Dans le quotidien, les choses vont vite. Une journée productive est une journée durant laquelle on arrive à en faire le plus possible. Le travail, le gym, l'épicerie, le souper, un peu de lecture et, si on est chanceux, un peu de télévision, mais pas d'annonces, sur Netflix ou préenregistré, parce que plus personne n'a de temps pour les publicités. On doit être efficaces dans nos déplacements. Pas d'arrêts, pas de détours. Se rendre d'un point A à un point B le plus rapidement possible. Sans considération pour la signalisation ou nos semblables. Une soirée passée seul à la maison devient une soirée plate, voire gâchée. Dans notre société hyper-consommatrice, hyper-technologique, nous avons perdu l'art de la fainéantise. Nos mouvements sont calculés en fonction de leur productivité. "Le temps c'est de l'argent" qu'on nous a dit. On a entendu.
Je prends donc ici, maintenant, la décision de prendre mon temps. Où que je sois. De vivre selon mes envies du moment et d'arrêter de m'en remettre à la temporalité et à l'efficience. Parce que ça devrait être ça vivre. Écouter son corps.
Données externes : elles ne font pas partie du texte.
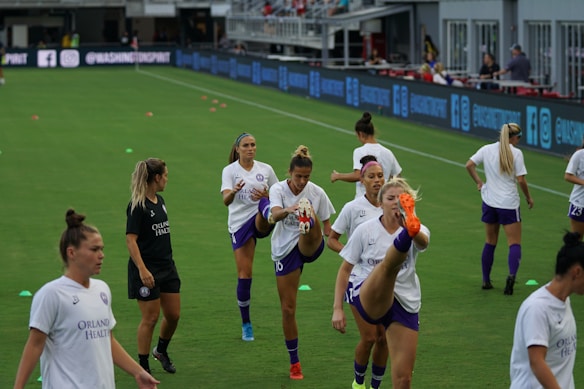 A group of female soccer players in matching uniforms is stretching on a soccer field. They are practicing high kicks as part of their warm-up routine. The grass is bright green, and there are small orange training cones scattered around. A coach or trainer in black attire is observing their practice.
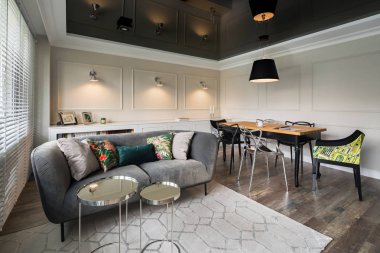 Gri kanepe, bej duvarlar ve siyah streç tavan ile oturma odası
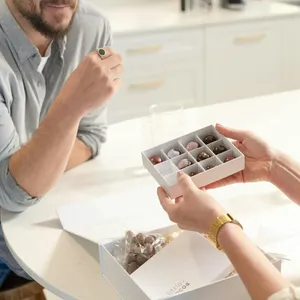 woman holding open a box of chocolates.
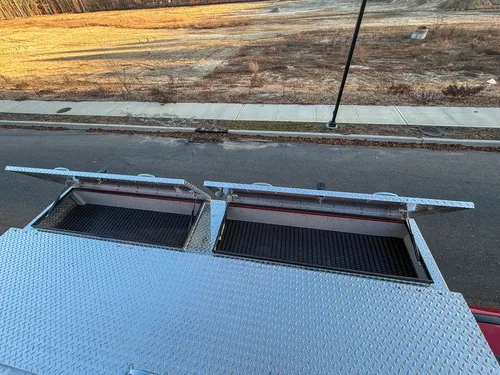 Top-deck view with both rectangular storage hatches open near the side edge.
Laisser parler nos besoins et nos désirs. Prendre les 30 secondes nécessaires, chaque jour, pour trouver du beau et l'apprécier. Parce qu'il y en a partout du beau et que de s'arrêter pour le savourer ne dérangera pas le déroulement de notre journée. Au contraire, cela nous aidera à nous ressourcer et à nous recentrer lors des journées trop mouvementées.
Le soleil se lève et se couche partout dans le monde. Il est aussi gros et impressionnant, peu importe où nous sommes pour le regarder. Il faut simplement choisir de s’immobiliser un instant pour l’observer. Et si notre peau gercée par le froid et notre teint verdâtre nous donnent parfois l'impression que la vie est plus facilement appréciable ailleurs, rappelez-vous que les paysages les plus imparfaits cachent souvent une beauté incomparable. Il s'agit parfois de regarder "au delà de ce que l'on voit" pour trouver du beau. Voyager m'aura certainement appris cela.